A falta de conhecimento e as instruções equivocadas levam muitos familiares a procurar instituições como a ABRAz, onde a equipe de profissionais auxilia dando orientações aos chamados “cuidadores”, função que pode ser desempenhada por um familiar, ou uma pessoa contratada. O cuidador ajuda em todas as atividades do doente, desde o banho à alimentação, por isso o ofício exige bastante atenção e carinho. “O cuidador é uma pessoa que se doa, aquele que sabe se colocar no lugar do outro tendo respeito e amor pelo que faz. É impossível imaginar a vida do paciente sem o cuidador”, ressalta Juliana Pedrosa, coordenadora da Residência em Enfermagem no Hospital de Urgências e Traumas, da Universidade Federal do Vale do São Francisco (Univasf).

A doença de Alzheimer afeta o comportamento, a linguagem, o raciocínio, a capacidade de julgamento e as habilidades motoras do idoso, comprometendo as funções neurológicas de forma progressiva. “Por ser uma doença degenerativa e não apresentar cura, o Alzheimer ainda assusta os familiares, mas é preciso muita paciência e dedicação por parte de todos”, afirma Juliana Pedrosa.

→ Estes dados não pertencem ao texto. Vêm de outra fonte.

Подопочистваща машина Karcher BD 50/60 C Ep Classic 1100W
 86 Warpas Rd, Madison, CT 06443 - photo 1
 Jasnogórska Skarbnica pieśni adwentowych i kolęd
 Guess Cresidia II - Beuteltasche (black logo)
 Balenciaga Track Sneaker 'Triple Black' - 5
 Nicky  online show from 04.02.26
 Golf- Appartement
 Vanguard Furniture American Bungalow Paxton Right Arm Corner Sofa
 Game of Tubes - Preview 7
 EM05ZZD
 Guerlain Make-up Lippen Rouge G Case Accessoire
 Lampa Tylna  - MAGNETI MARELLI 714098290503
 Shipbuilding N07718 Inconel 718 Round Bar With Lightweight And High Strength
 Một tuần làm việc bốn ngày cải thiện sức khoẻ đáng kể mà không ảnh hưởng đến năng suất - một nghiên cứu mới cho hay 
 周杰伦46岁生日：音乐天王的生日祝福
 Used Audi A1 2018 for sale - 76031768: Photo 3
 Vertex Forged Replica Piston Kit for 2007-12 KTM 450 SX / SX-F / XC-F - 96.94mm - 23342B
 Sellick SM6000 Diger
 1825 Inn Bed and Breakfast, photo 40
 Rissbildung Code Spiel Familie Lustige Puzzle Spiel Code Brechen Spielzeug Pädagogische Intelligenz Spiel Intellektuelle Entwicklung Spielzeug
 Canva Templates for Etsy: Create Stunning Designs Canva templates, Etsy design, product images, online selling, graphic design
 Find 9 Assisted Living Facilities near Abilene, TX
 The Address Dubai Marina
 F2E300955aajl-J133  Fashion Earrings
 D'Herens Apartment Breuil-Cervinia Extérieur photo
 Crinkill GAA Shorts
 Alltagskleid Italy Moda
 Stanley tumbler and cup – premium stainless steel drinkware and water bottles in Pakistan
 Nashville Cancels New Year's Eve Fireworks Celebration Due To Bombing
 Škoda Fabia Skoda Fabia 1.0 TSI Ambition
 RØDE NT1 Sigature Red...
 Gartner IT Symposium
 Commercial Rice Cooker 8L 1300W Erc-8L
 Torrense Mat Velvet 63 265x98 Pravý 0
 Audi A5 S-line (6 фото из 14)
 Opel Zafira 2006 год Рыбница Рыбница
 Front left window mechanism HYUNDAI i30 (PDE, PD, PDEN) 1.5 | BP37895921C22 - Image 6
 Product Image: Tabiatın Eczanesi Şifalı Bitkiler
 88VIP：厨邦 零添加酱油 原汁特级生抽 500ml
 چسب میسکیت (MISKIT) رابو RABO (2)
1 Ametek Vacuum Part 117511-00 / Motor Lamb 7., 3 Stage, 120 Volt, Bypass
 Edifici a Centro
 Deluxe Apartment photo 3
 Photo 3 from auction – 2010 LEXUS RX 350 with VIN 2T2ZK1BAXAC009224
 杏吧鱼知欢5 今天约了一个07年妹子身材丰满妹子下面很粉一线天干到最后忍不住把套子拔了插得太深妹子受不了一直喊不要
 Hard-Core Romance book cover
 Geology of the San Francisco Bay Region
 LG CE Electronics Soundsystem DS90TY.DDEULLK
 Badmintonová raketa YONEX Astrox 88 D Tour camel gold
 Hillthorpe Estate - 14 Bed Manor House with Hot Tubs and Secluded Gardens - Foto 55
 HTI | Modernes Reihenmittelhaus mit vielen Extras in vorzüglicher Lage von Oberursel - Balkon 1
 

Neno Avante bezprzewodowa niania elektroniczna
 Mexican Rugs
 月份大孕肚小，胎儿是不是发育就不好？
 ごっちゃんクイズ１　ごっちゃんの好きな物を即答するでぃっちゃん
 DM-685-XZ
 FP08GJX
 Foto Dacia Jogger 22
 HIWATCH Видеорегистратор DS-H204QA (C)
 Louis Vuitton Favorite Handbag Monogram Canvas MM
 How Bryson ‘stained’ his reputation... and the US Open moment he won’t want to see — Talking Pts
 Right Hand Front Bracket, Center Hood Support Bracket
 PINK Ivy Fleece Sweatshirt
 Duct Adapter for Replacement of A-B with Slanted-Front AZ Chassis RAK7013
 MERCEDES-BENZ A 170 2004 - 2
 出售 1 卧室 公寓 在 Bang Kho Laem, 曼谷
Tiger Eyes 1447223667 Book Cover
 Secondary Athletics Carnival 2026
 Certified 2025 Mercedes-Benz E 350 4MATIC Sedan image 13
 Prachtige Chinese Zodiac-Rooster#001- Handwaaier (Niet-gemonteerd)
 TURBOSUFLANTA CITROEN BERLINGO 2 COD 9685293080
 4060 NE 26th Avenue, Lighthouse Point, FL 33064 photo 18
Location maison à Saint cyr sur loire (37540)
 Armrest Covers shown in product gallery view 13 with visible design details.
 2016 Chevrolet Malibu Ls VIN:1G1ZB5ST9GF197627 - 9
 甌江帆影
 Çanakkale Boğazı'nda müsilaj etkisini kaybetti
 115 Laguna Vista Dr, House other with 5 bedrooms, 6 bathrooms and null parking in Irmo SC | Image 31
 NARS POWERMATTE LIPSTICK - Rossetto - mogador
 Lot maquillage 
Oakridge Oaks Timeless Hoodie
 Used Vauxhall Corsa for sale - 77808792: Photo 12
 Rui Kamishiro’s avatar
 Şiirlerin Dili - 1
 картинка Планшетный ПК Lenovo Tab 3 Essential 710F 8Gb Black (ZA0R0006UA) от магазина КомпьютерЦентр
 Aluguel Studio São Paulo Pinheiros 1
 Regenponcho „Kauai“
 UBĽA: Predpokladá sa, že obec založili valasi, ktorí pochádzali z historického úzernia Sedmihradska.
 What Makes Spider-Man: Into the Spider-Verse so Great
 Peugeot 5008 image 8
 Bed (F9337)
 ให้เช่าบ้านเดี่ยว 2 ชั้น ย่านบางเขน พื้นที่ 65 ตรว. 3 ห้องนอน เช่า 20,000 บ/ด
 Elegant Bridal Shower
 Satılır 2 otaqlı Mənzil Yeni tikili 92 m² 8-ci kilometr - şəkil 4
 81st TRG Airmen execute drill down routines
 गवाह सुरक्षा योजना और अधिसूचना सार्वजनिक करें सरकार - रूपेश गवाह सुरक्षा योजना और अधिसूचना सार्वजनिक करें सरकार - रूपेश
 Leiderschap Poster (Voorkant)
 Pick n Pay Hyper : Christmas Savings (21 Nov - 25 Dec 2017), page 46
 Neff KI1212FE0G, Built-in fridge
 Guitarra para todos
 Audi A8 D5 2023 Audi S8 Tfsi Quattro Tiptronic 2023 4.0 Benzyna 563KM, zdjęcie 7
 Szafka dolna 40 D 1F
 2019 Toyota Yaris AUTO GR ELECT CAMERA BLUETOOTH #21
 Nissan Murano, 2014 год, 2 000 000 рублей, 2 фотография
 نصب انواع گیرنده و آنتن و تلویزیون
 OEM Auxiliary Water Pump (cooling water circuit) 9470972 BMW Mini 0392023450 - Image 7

Profissionais como o terapeuta ocupacional podem intervir no dia-a-dia dos pacientes, “de acordo com a situação do doente, ele facilitará a organização e o planejamento de novas atividades de modo a estimular as funções preservadas e desenvolver mecanismos compensatórios para a função alterada, atuando tanto numa abordagem preventiva quanto reabilitadora”, esclarece Denise Cavalcanti.

O termo multidisciplinar não foi utilizado por acaso quando o médico geriatra Érico Warderley falou sobre a equipe de profissionais necessária para cuidar do doente de Alzheimer. O tratamento exige a atuação conjunta de médicos, enfermeiros, terapeutas, nutricionistas, fonoaudiólogos, dentre outros que se dediquem ao paciente. E às vezes até mesmo a família necessita de um apoio profissional para aprender a lidar melhor com o doente, pois essa dedicação diária exige esforço físico e emocional, afinal não deve ser fácil para uma filha não ser reconhecida pela própria mãe.